MISO will draw on its new planning futures to build the first set of models that could result in its long-term transmission plan’s first projects.
The RTO’s senior manager of system planning coordination, Jarred Miland, said staff are building reliability and economic models similar to those used in MISO’s annual Transmission Expansion Plan (MTEP). He said the long-term assessment’s first models will be ready for member review during 2021’s first quarter.
The models will be based on three MTEP futures designed for use in the 2021 planning cycle and beyond.
Late last year, MISO launched its first long-term planning effort in a decade to connect fast-growing renewable sources with load centers. (See MISO Prepares Members for Pricey Transmission Expansion.)
Miland said during Thursday’s Planning Advisory Committee that staff will use the more conservative Future I to build seven base reliability models each for 2030 and 2040. The future assumes 85% of utilities’ carbon-cutting plans are met and carbon is reduced 40% from 2005 levels by 2040. MISO currently operates at a 22% carbon reduction from 2005 levels.
“If you think about it, there are over 100 models we could build and we could spend months and months building models and never get to the analysis,” he said. “That’s not to say we won’t build more models. In fact, I expect we will build more models. But we needed something to begin analysis with. … These 14 models certainly won’t be the end-all.”
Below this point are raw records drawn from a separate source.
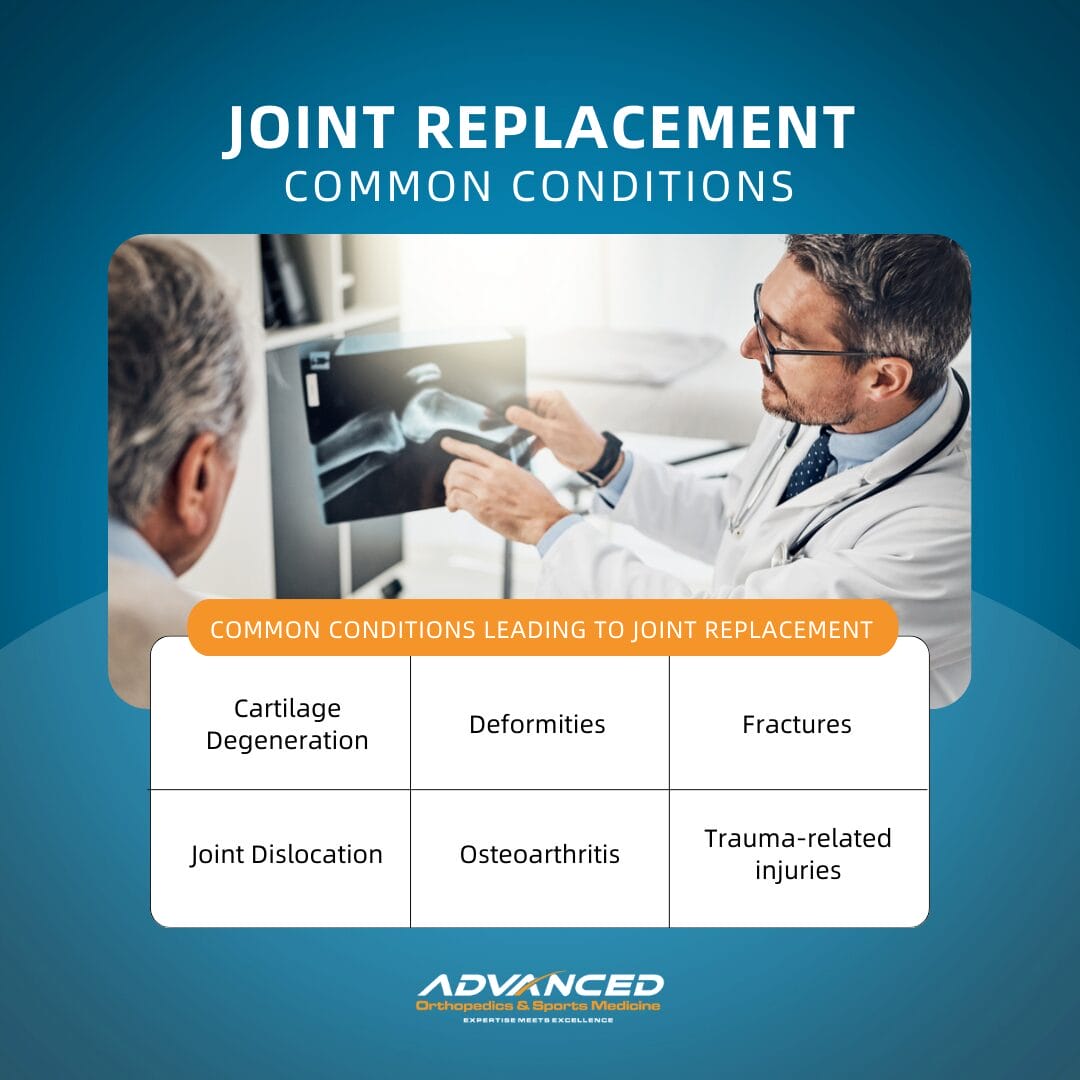 Joint Replacement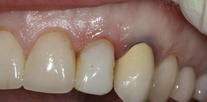 Implant crowns to upper incisor and canine Before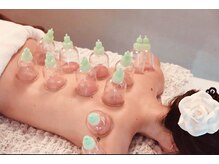 エステプリヴェモロッコ(ESTHE PRIVE MOROCCO)の雰囲気（【カッピング】コリ改善、慢性疲労、蓄積された疲労に◎[肩こり]）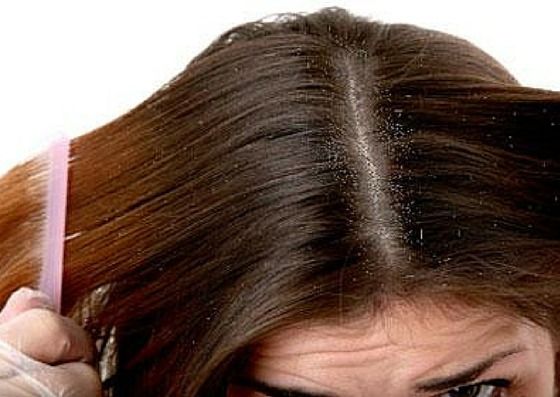 can dandruff cause hair loss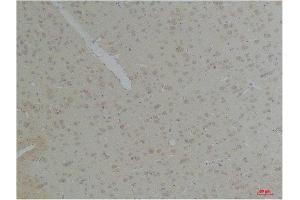 Immunohistochemistry (IHC) analysis of paraffin-embedded Rat Brain Tissue using KCNK10 (TREK-2) Rabbit Polyclonal Antibody diluted at 1:200. (KCNK10 antibody)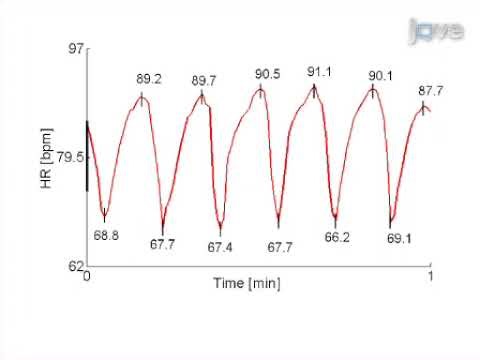 Quantitative Autonomic Testing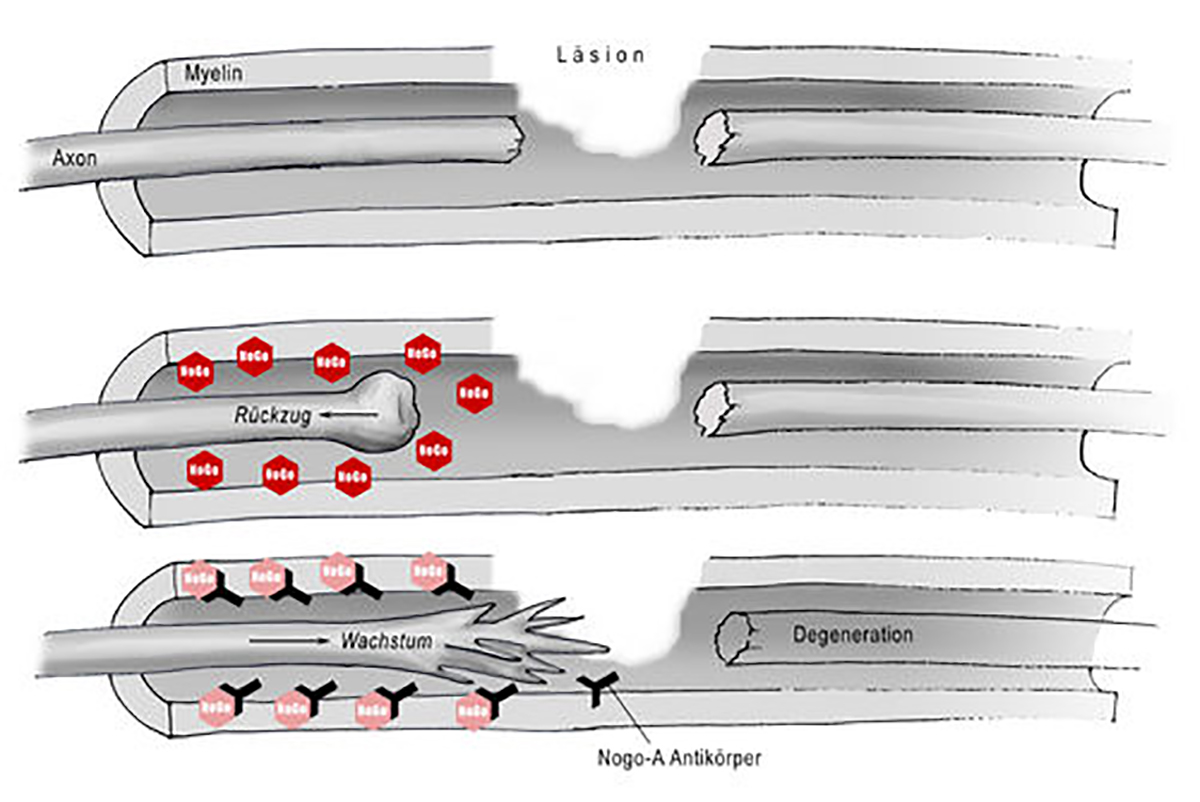 Nogo-Antikörper-Studie Balgrist Forschung Paraplegie Nervenregeneration Nervenfasern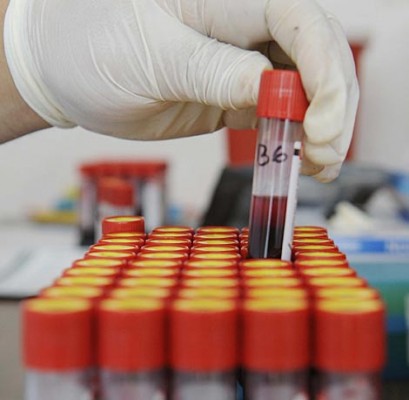 Reconstruyen la historia evolutiva del sida, la hepatitis y la gripe con un modelo matemático

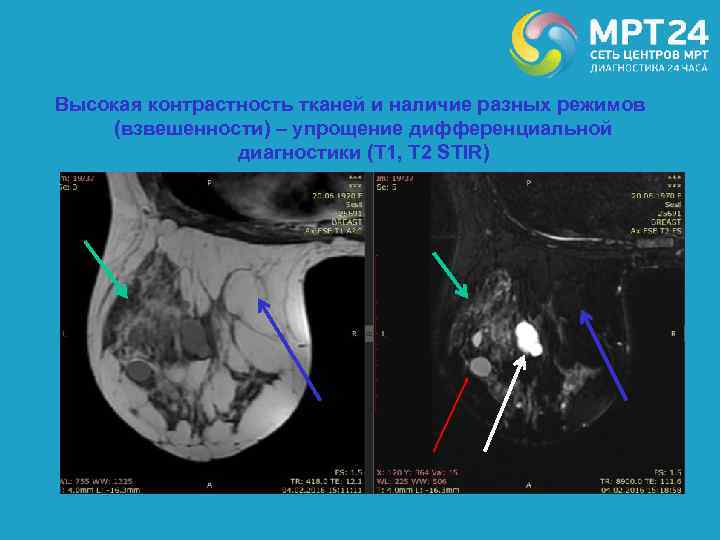 Высокая контрастность тканей и наличие разных режимов (взвешенности) – упрощение дифференциальной диагностики (Т 1,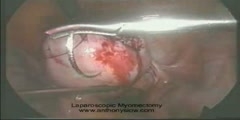 Myomectomy Laparoscopic
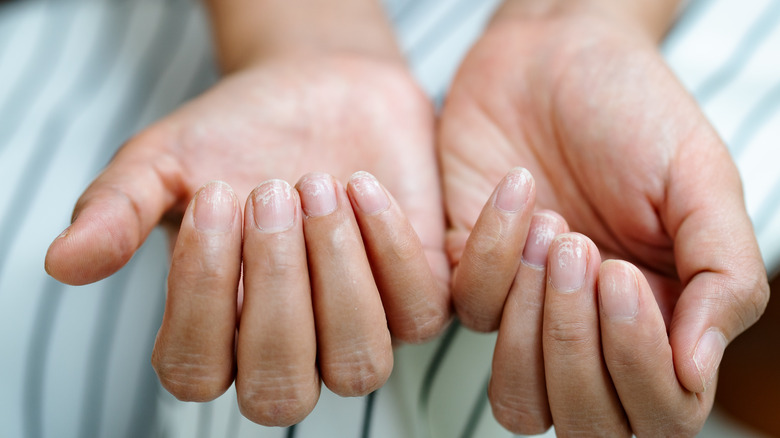 Fingernails on display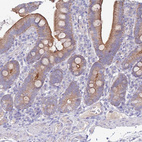 Anti-SLC44A4 Antibody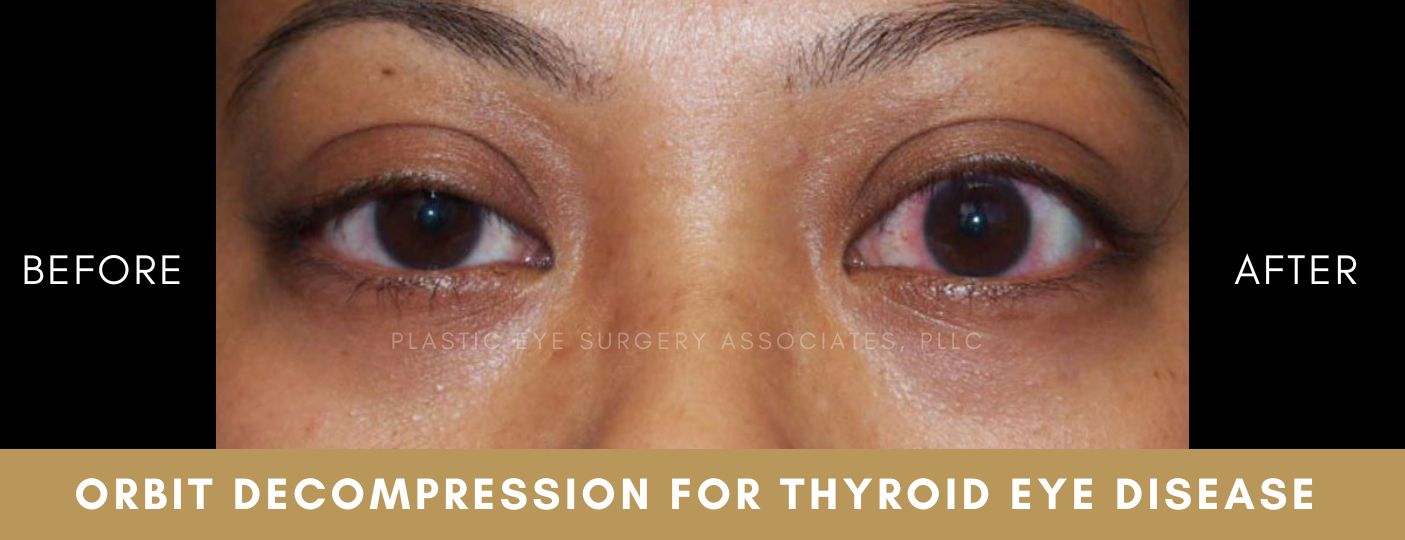 Thyroid Eye Disease 1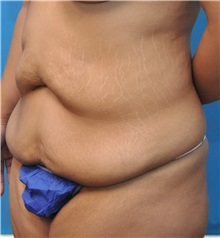 Tummy Tuck Before Photo by Joshua Cooper, MD; Seattle, WA - Case 34516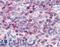 BLT1 antibody, LS-A1492, Lifespan Biosciences, Immunohistochemistry paraffin image 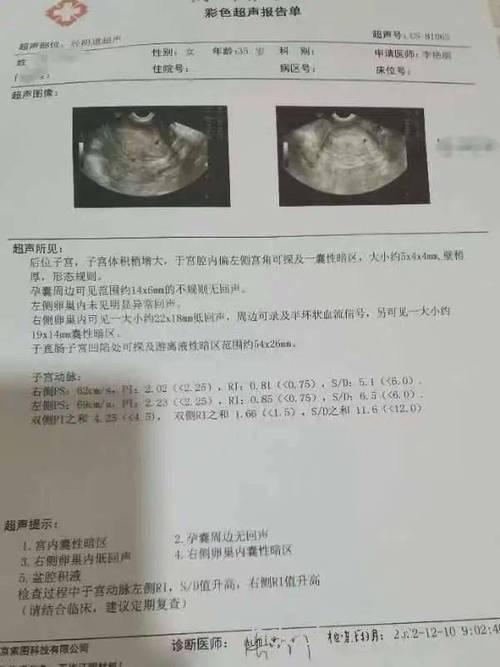 B超检查 葡萄胎b超能看出来吗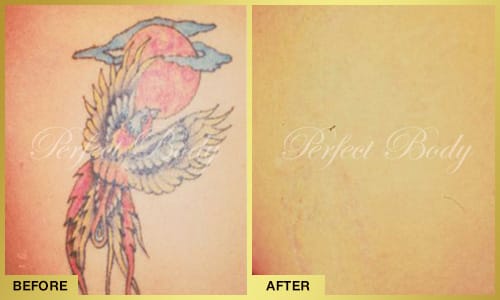 Picosecond laser tattoo removal - wrist tattoo removal results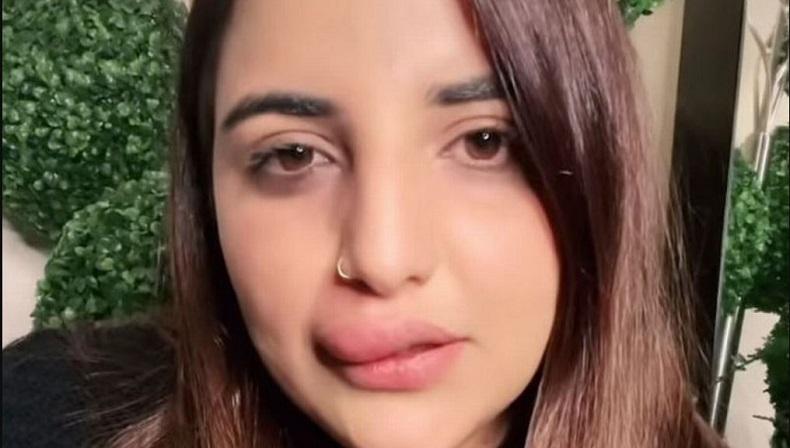 Waduh, Bibir TikToker Ini Besar Sebelah karena Tak Bisa Selesaikan Operasi Kosmetik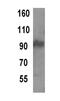 TPX2 Microtubule Nucleation Factor antibody, GTX79474, GeneTex, Western Blot image 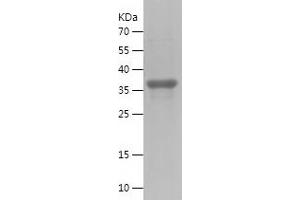 IL23A Protein (AA 20-157) (His-IF2DI Tag)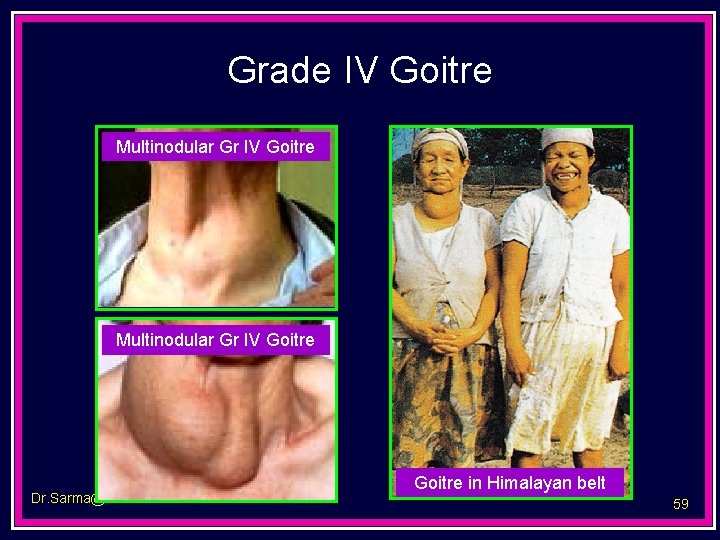 Grade IV Goitre Multinodular Gr IV Goitre Dr. Sarma@works Goitre in Himalayan belt 59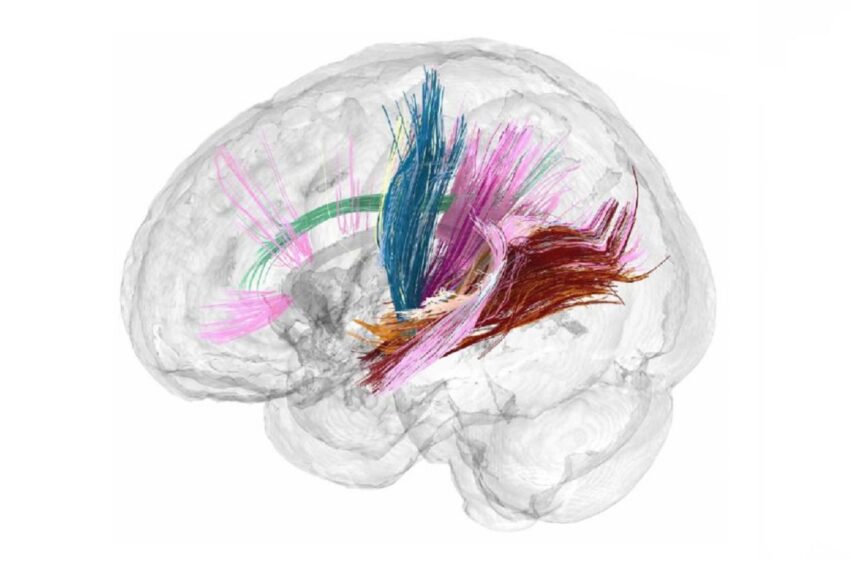 Une étude révèle les effets de la grossesse sur le cerveau d une femme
Miland said Future I modeling simply kicks off work that will take place in 2021. He emphasized that the long-term planning will take place over several transmission cycles and said that MISO will also likely build seven models apiece for the more aggressive Futures II and III.
“This a long-term plan to see how we’re going to stay ahead of the game for the next 40 years,” Miland said. “We do anticipate that at end of this year, we may have some projects with ripe business cases that we can bring forward for board approval.”
While MISO focuses on model builds, the Organization of MISO States is concentrating on how the long-range projects’ cost might be shared in the footprint.
The OMS convened a special cost-allocation committee late last year to draw up principles on how MISO should approach long-term projects’ cost sharing.
Up until approval, OMS members were wrestling over whether states with more aggressive clean-energy policies should bear a greater share of the costs for transmission that enables renewable energy.
Some commission staff pointed out that several states with renewable portfolio standards have already exceeded their targets. Others said it remains to be seen whether MISO will consider public policy requirements as a benefit metric. The staffers also debated whether some transmission costs should be allocated on a postage stamp basis and whether some long-term transmission projects should be packaged into portfolios.
MISO has said projects will likely face approval independently in annual timelines, rather than being approved en masse in a portfolio.
Speaking at an OMS cost-allocation principles meeting Jan. 11, Minnesota Public Utilities Commissioner Matt Schuerger said bundling transmission projects that have “synergies” can sometimes make sense. He said it’s not as if planners would lump together transmission projects “from opposite ends of the footprint.”
But New Orleans City Council attorney David Shaffer said each transmission project should be able to stand on its own under scrutiny.